Le cas de Saint-Césaire

Dix ans après que le taux agricole distinct eut disparu du paysage de Saint-Césaire, voilà que le conseil municipal le réinstaure dans son budget 2019. Les producteurs paieront 0,12 $ de moins que ce qui est facturé dans le secteur résidentiel, c’est-à-dire 0,6310 $ du 100 $ d’évaluation. Au départ, la baisse proposée par les élus se limitait à 0,05 $. « On s’est entendus, mais ce n’est pas à la hauteur de ce que les agriculteurs auraient aimé, mentionne le maire Guy Benjamin. C’est sûr que ça va leur laisser un goût amer. »

Son prédécesseur Yvon Boucher, qui est producteur laitier, y voit un pas dans la bonne direction, mais dénonce néanmoins la formule actuelle de financement municipal. « Le budget du [ministère de l’Agriculture], ce n’est pas fait pour subventionner les municipalités », affirme-t-il.
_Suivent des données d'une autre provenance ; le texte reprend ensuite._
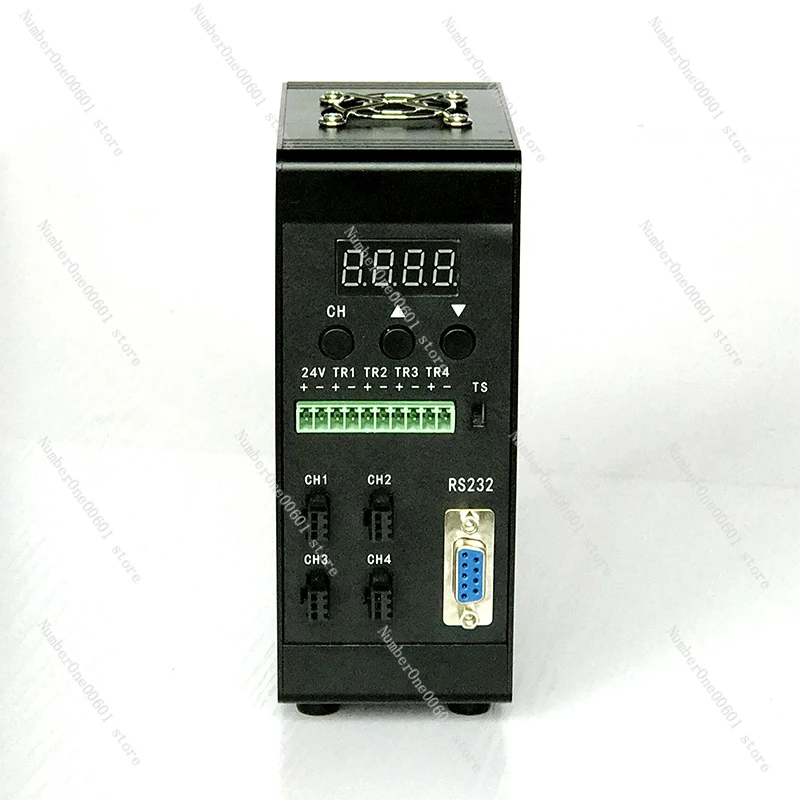 

Manual Remote Adjustment Constant Current Stable Output Led Visual Light Source Dimming Mini Digital 4 Channel Controller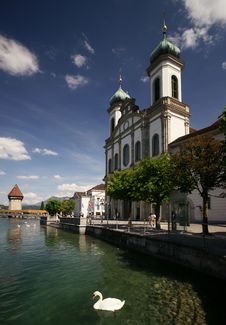 Lucerne Jesuit Church Royalty Free Stock Images Lucerne Jesuit Church Royalty Free Stock Images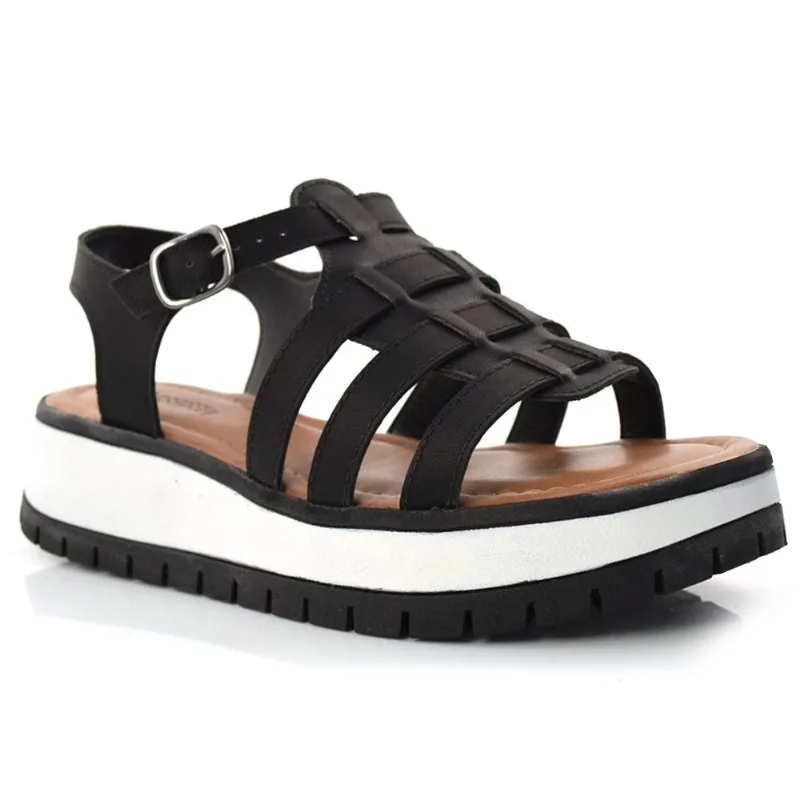 Sandália Flat Feminina Mississipi Preto Q5172 34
Le maire Guy Benjamin reconnaît que les municipalités québécoises sont habituées à « recevoir un certain revenu des terres agricoles ». Par contre, il convient qu’une refonte du système actuel est nécessaire. « On ne pourra pas toujours travailler en se tirant les cheveux! » constate-t-il.

En attente à Saint-Isidore

À Saint-Isidore, le conseil municipal a envisagé d’imposer un taux agricole distinct, mais a finalement choisi d’attendre de voir si le ministère de l’Agriculture consentira à retirer le plafond de 5 % d’augmentation du Programme de crédit de taxes foncières agricoles. « Nos producteurs nourrissent le Québec en entier. Est-ce que c’est vraiment juste aux 2 800 habitants de Saint-Isidore de subventionner la hausse des taxes foncières agricoles? » demande le directeur général Sébastien Carignan-Cervera. Si rien ne change, sa municipalité pourrait appliquer un taux distinct en 2020, sauf qu’elle devra alors se tourner vers Québec pour obtenir une aide financière.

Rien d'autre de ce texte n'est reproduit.